* **Data provided**:
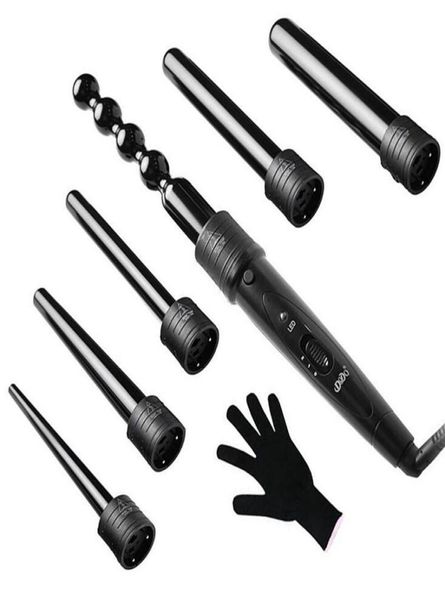 

6 in 1 curling wand set ceramic hair curling tong hair curl iron the wand hair curler roller gift set 0932mm curler wand9311805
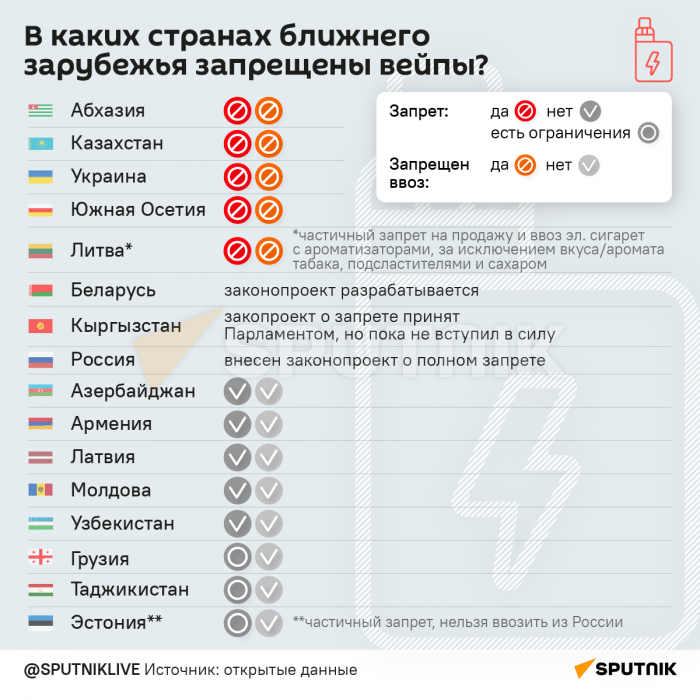 В каких странах ближнего зарубежья запрещены вейпы – инфографика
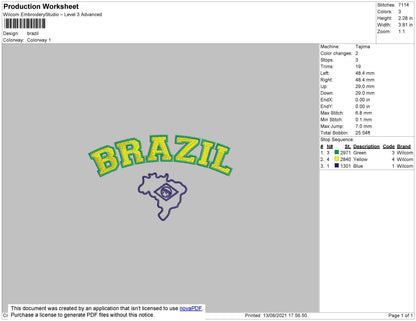 Brazil Embroidery File 4 size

* **Requirement**: Images are not wanted in the copy. Please print the material above exactly.

* **Task answer**:
6 in 1 curling wand set ceramic hair curling tong hair curl iron the wand hair curler roller gift set 0932mm curler wand9311805
 В каких странах ближнего зарубежья запрещены вейпы – инфографика
 Brazil Embroidery File 4 size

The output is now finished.